Task requirements
Leaving out all pictures, retype the records exactly.

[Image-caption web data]
┏━━

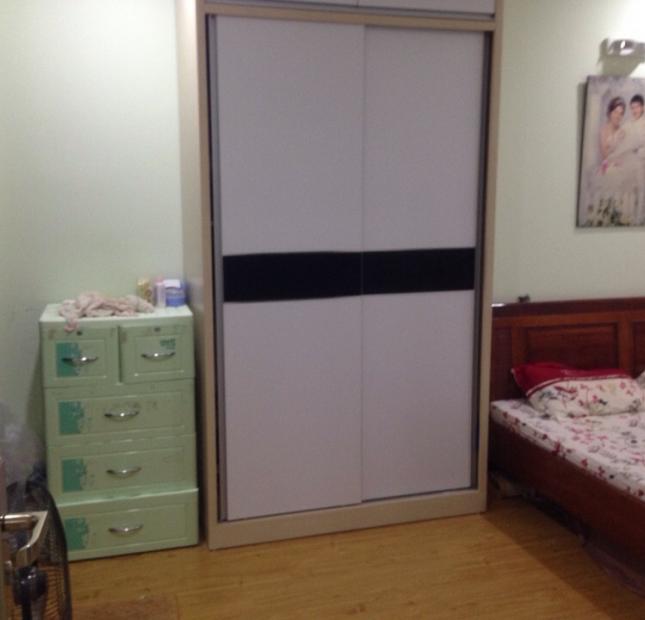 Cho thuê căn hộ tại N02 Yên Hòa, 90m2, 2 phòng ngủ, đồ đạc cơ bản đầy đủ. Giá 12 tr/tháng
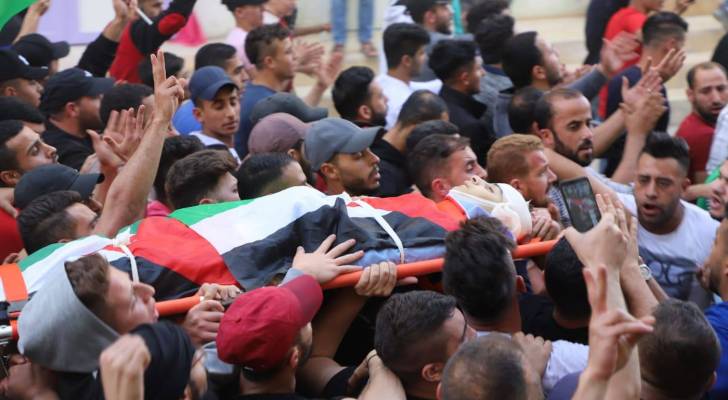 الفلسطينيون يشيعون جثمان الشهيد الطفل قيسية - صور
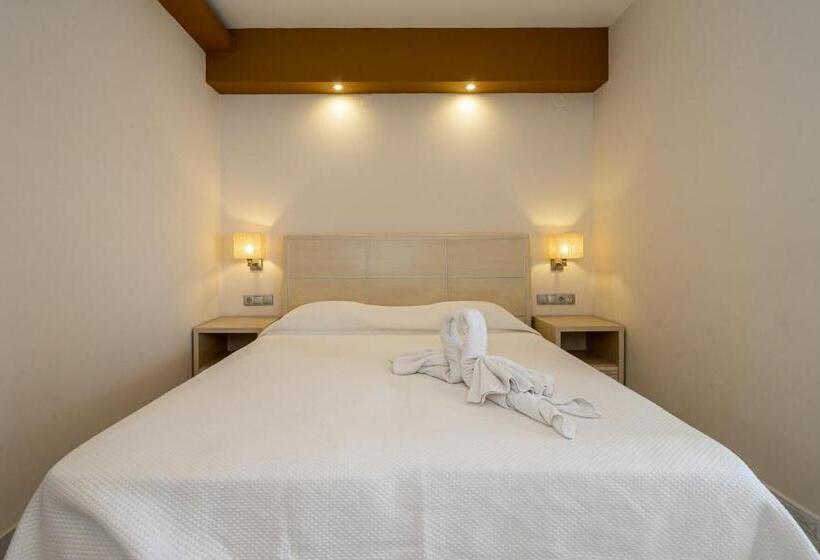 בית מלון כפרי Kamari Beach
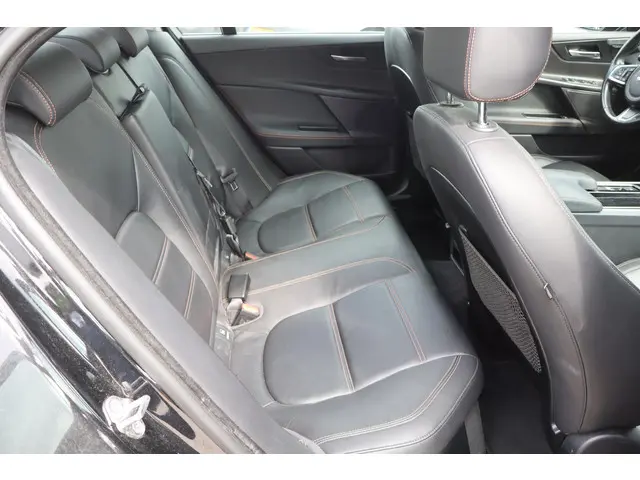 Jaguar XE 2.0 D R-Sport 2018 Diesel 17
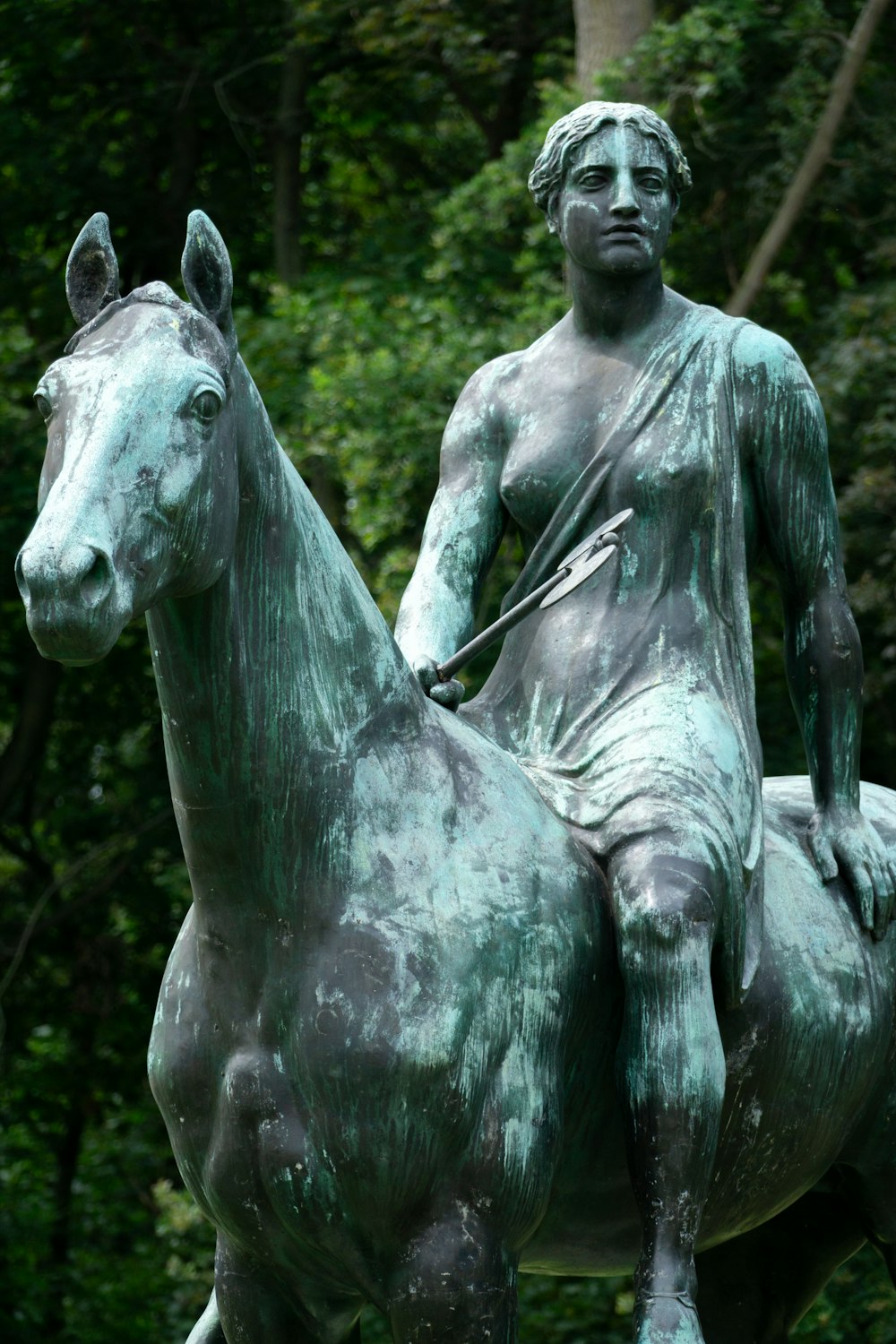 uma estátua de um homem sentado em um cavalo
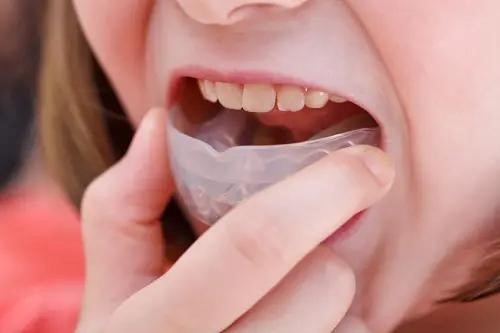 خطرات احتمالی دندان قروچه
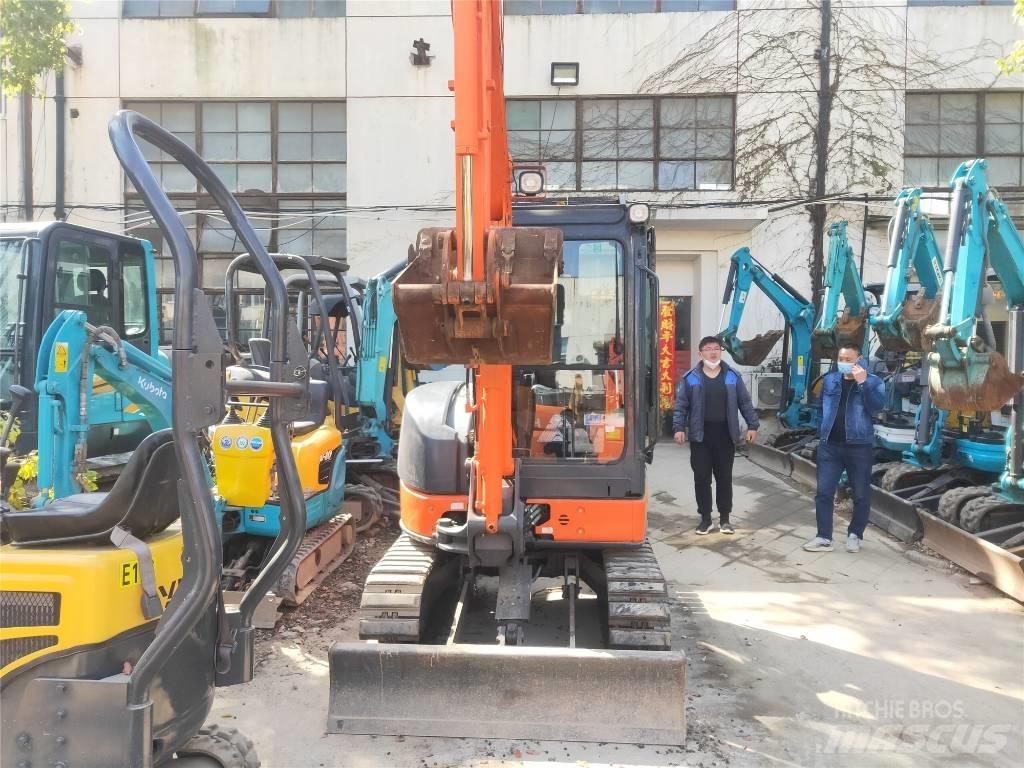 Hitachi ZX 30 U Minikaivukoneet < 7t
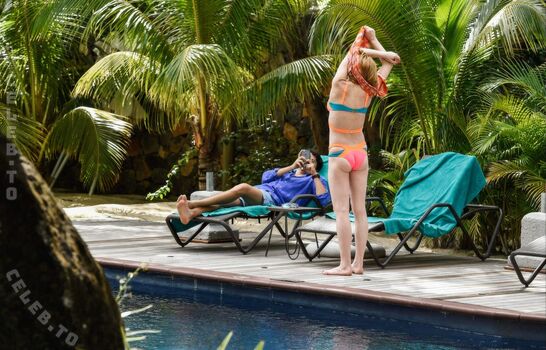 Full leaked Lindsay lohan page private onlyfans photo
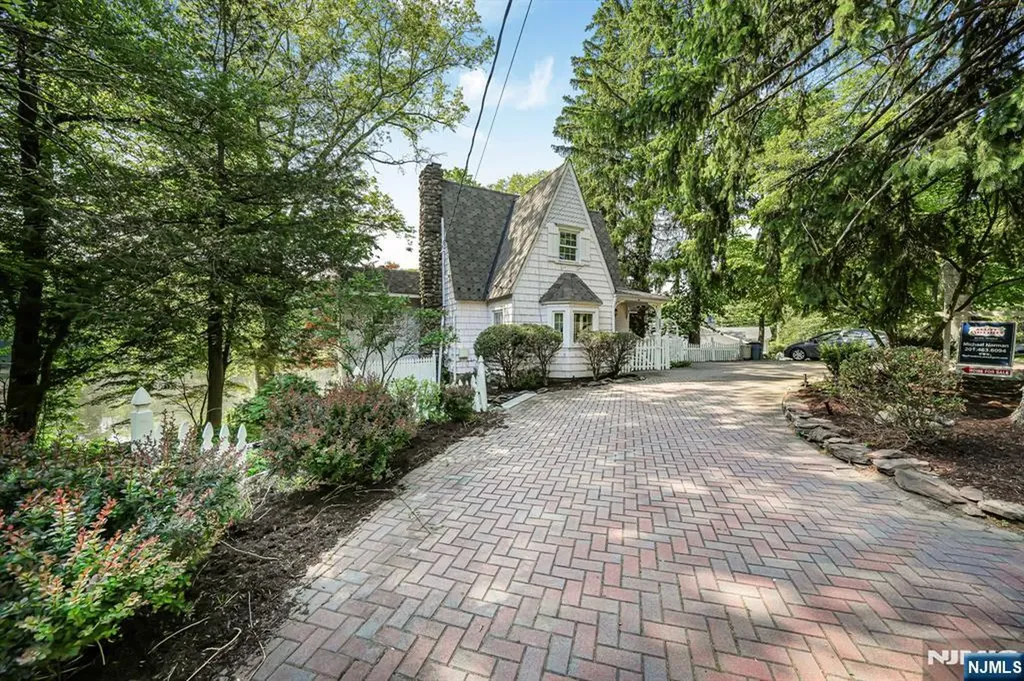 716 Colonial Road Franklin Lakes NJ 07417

┗━━

Exercise output
 Cho thuê căn hộ tại N02 Yên Hòa, 90m2, 2 phòng ngủ, đồ đạc cơ bản đầy đủ. Giá 12 tr/tháng
 الفلسطينيون يشيعون جثمان الشهيد الطفل قيسية - صور
 בית מלון כפרי Kamari Beach
 Jaguar XE 2.0 D R-Sport 2018 Diesel 17
 uma estátua de um homem sentado em um cavalo
 خطرات احتمالی دندان قروچه
 Hitachi ZX 30 U Minikaivukoneet < 7t
 Full leaked Lindsay lohan page private onlyfans photo
 716 Colonial Road Franklin Lakes NJ 07417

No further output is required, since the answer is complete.